Excerpted records:
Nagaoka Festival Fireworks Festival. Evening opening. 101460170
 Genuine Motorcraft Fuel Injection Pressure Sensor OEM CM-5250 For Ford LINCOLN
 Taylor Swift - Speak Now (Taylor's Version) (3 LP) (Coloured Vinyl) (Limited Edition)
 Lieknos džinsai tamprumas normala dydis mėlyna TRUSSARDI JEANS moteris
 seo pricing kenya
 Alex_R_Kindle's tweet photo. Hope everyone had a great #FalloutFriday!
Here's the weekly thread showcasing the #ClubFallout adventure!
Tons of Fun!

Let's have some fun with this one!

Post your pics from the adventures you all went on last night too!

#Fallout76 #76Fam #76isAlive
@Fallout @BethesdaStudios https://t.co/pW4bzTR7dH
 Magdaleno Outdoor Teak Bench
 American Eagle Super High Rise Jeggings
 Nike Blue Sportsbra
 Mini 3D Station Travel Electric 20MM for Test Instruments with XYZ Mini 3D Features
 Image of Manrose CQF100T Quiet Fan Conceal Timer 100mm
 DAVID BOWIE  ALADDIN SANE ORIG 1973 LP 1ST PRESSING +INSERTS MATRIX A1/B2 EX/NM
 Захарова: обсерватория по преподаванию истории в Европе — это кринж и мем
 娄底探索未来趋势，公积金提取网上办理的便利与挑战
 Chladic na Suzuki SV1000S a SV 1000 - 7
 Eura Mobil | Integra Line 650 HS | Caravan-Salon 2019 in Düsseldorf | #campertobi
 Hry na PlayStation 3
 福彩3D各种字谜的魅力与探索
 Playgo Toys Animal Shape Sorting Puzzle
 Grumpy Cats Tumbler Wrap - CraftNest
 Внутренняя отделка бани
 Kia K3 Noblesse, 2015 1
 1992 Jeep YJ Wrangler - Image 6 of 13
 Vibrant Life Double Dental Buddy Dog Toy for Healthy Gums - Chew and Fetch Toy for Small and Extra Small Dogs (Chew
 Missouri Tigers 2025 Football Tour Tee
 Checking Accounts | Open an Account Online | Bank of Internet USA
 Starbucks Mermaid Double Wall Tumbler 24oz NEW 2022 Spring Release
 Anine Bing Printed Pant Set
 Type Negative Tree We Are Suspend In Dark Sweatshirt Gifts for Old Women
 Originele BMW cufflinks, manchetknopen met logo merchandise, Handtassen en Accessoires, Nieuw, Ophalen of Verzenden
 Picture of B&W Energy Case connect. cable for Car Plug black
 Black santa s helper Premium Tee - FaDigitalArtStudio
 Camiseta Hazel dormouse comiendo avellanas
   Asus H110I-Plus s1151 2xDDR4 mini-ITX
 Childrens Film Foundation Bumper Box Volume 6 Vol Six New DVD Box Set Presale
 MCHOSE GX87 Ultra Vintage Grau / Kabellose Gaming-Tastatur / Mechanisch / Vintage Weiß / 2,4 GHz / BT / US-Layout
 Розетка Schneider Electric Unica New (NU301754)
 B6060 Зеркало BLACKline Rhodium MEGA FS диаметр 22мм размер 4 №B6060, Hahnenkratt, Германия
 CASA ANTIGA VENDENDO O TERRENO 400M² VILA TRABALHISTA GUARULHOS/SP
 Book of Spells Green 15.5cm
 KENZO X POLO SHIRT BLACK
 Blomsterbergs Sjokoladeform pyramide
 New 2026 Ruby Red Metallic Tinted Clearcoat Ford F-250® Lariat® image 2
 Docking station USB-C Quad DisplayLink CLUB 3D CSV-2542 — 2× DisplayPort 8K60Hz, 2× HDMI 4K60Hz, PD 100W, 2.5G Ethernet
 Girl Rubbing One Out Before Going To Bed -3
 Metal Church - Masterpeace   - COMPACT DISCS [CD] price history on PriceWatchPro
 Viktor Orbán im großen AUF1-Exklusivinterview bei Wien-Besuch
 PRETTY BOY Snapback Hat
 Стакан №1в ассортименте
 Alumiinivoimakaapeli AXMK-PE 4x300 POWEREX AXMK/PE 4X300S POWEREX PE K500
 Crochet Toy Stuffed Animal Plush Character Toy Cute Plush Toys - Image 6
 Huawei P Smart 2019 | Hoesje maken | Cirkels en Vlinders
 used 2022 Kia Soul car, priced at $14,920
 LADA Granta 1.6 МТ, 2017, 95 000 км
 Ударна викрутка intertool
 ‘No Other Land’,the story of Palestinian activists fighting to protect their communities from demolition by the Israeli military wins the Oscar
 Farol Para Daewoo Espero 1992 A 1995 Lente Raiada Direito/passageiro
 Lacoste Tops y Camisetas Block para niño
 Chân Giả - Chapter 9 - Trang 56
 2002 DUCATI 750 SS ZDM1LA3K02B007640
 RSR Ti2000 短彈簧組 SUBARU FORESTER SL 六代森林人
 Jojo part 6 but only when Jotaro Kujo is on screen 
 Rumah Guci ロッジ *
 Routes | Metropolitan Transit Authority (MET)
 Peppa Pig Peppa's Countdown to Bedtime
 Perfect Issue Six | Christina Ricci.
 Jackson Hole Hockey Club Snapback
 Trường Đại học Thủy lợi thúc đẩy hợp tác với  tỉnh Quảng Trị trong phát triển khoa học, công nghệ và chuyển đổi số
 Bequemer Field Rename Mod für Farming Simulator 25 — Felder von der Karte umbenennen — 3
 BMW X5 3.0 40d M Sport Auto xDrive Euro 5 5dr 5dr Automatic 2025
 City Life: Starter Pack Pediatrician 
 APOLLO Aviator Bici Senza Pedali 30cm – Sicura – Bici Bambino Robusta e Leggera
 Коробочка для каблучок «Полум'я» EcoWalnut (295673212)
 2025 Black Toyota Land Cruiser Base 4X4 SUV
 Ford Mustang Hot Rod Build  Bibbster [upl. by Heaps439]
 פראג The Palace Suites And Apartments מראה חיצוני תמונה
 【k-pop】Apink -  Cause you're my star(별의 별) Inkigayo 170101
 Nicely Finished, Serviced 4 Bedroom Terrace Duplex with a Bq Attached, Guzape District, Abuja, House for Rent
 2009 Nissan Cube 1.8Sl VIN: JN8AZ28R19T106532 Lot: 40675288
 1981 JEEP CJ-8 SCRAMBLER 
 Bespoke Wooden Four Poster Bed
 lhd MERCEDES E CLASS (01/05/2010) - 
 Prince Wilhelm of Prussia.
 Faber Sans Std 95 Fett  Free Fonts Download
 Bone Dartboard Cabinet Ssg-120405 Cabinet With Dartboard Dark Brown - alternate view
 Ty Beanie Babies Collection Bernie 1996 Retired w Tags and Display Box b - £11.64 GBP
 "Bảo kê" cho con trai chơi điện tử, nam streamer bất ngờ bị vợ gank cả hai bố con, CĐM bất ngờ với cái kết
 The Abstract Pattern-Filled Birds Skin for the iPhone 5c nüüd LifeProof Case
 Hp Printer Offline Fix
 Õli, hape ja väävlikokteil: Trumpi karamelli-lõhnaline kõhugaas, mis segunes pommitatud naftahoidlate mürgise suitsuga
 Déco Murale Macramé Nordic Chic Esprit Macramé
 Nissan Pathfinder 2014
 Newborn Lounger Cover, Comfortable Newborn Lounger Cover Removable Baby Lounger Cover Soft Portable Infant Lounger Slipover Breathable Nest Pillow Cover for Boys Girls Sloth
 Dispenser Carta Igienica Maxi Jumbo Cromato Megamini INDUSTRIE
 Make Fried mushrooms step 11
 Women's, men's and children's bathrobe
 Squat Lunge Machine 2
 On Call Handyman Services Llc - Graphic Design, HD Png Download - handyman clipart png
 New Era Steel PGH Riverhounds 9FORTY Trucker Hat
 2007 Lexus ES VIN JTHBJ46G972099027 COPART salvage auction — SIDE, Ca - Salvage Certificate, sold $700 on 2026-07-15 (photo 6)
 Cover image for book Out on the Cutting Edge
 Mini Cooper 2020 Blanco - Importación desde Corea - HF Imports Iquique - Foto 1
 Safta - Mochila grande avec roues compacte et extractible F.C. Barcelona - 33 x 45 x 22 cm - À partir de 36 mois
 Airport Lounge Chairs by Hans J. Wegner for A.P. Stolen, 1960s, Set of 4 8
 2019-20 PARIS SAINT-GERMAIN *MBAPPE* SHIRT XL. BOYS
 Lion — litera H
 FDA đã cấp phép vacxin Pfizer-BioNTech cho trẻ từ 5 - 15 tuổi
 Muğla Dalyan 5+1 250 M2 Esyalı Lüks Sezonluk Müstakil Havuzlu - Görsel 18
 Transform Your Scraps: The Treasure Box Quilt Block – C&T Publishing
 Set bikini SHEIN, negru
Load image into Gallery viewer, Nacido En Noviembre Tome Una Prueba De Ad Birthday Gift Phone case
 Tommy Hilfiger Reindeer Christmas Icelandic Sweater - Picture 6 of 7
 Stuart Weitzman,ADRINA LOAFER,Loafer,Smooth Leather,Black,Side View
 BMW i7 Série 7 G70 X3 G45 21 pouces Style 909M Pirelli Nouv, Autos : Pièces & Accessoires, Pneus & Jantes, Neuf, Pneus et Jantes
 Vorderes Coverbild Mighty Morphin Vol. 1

Activity: Given the records above, return exactly the lines starting at the line containing "Rumah Guci ロッジ *" and ending at the line containing "Trường Đại học", including both.

Answer box:
 Rumah Guci ロッジ *
 Routes | Metropolitan Transit Authority (MET)
 Peppa Pig Peppa's Countdown to Bedtime
 Perfect Issue Six | Christina Ricci.
 Jackson Hole Hockey Club Snapback
 Trường Đại học Thủy lợi thúc đẩy hợp tác với  tỉnh Quảng Trị trong phát triển khoa học, công nghệ và chuyển đổi số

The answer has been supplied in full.